Real numbers are a core part of complex numbers. Think of them as the numbers you use every day. They include both positive and negative integers, fractions, and even decimals, without including any imaginary units like 'i'.

In the context of complex numbers, the real number is the part that does not have an 'i' next to it. For example, in a complex number like \(-4-12i\), the real number is \(-4\). It represents a position on the number line that runs horizontally. Real numbers help give meaning to the numeric quantity of the complex number without including an imaginary component.

Imaginary numbers might sound complicated, but they're actually pretty simple once you understand the basics. Imaginary numbers are defined by the unit 'i', where \(i^2 = -1\).

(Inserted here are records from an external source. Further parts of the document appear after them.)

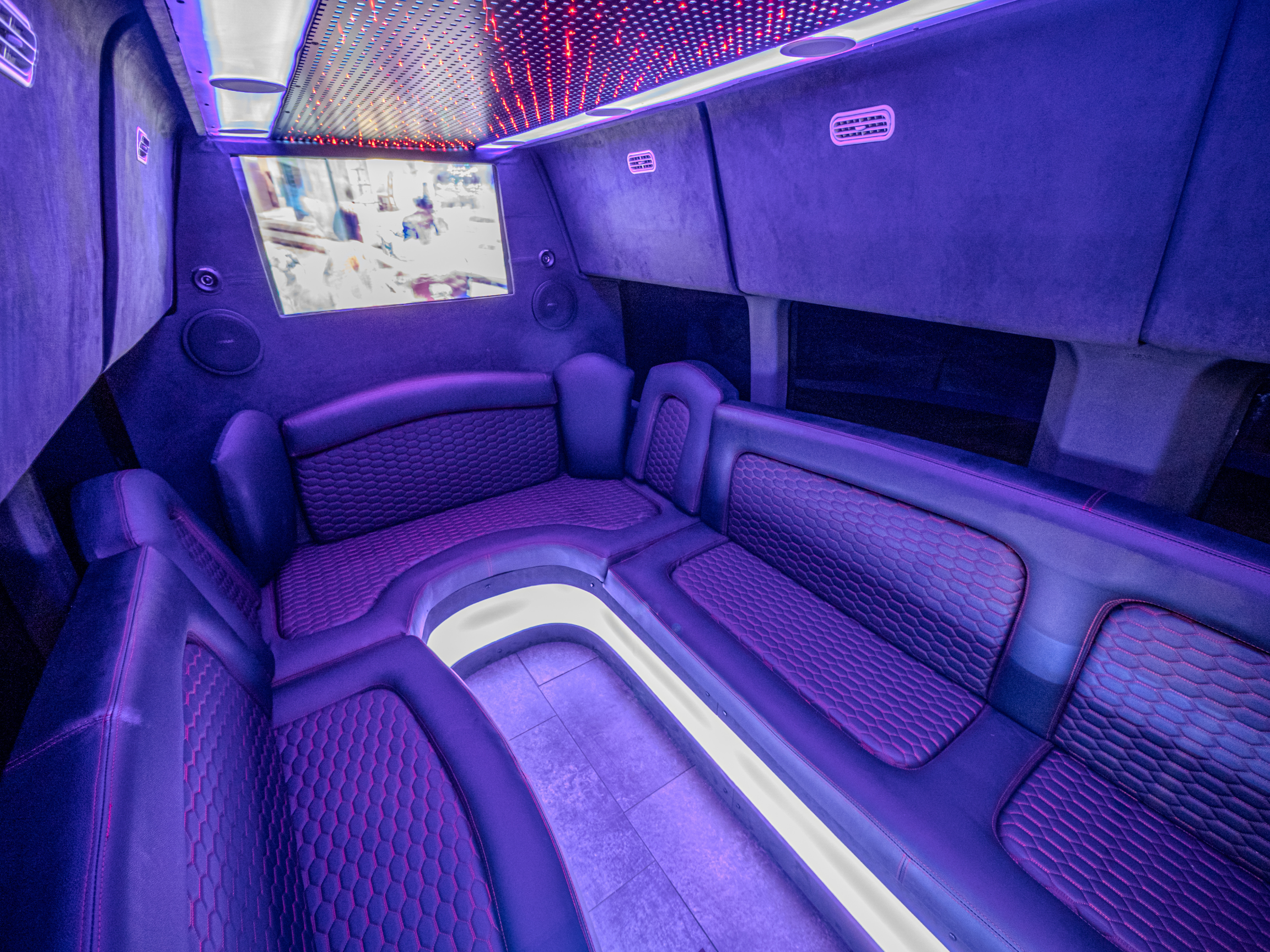 Van Limo party bus interior in Puerto Rico featuring LED lighting, wrap-around leather seats, and TV screen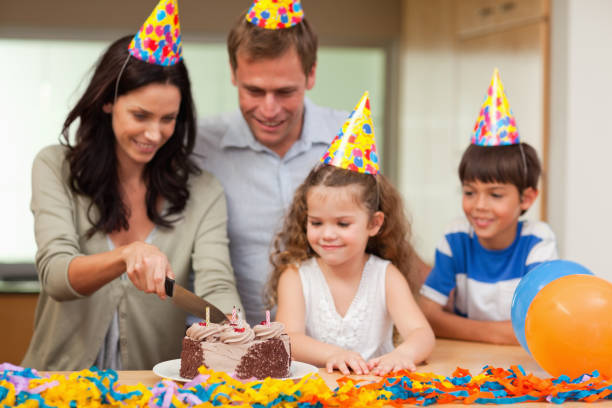 istock Mother cutting birthday cake 827884888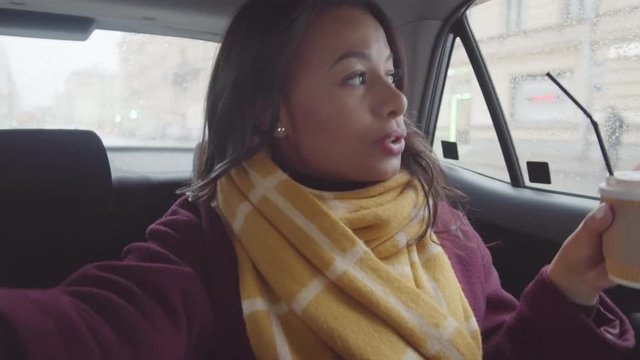 Chest-up handheld shot of happy young mixed race woman in coat and scarf, holding takeaway coffee cup and invisible smartphone in outstretched hand, riding in back of moving taxi and video chatting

This means that imaginary numbers are essentially square roots of negative numbers, something that isn't possible with real numbers alone. In the expression \(-4 - 12i\), the \(-12i\) is the imaginary component. It tells us how the complex number behaves in the vertical direction on a complex plane.

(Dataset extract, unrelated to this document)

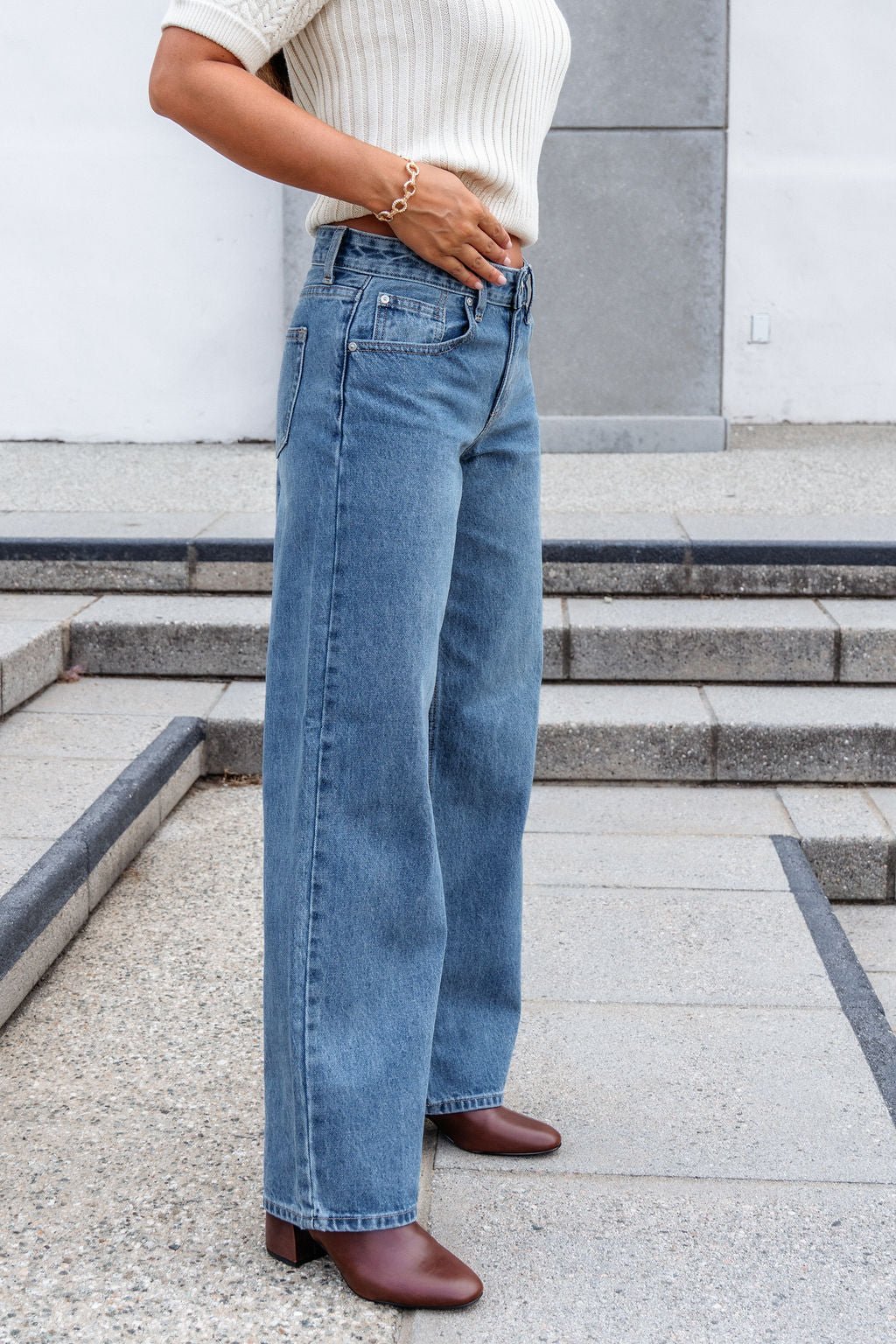 Person wearing a cream knit top, Medium Wash Baggy Wide Leg Jeans, and brown boots, standing outdoors on concrete steps.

Imaginary numbers work alongside real numbers to form complex numbers. They allow us to solve equations that have no real solutions and are essential in expressing quantities in many fields, such as physics and engineering.

Adding complex numbers becomes straightforward once you know how to handle the real and imaginary components separately. Here's the step-by-step approach:

• **Identify the parts**: Break the complex numbers into their real and imaginary parts. For instance, \((-4-12i) + (-3+16i)\) has real parts \(-4\) and \(-3\), and imaginary parts \(-12i\) and \(16i\).
• **Combine real parts**: Add the real numbers together. Here, \(-4 + (-3) = -7\). These are combined as they would be in any normal addition of real numbers.
• **Combine imaginary parts**: Add the imaginary parts next. Keep the 'i' aside and just add the numerical coefficients: \(-12 + 16 = 4\), which leads to a result of \(4i\).
• **Form the new complex number**: After combining, the complete complex number is now \(-7 + 4i\).

Addition doesn't change the complex nature; it simply combines like terms for an elegant solution, keeping the form \(a + bi\), where \(a\) is real and \(b\) is the imaginary coefficient.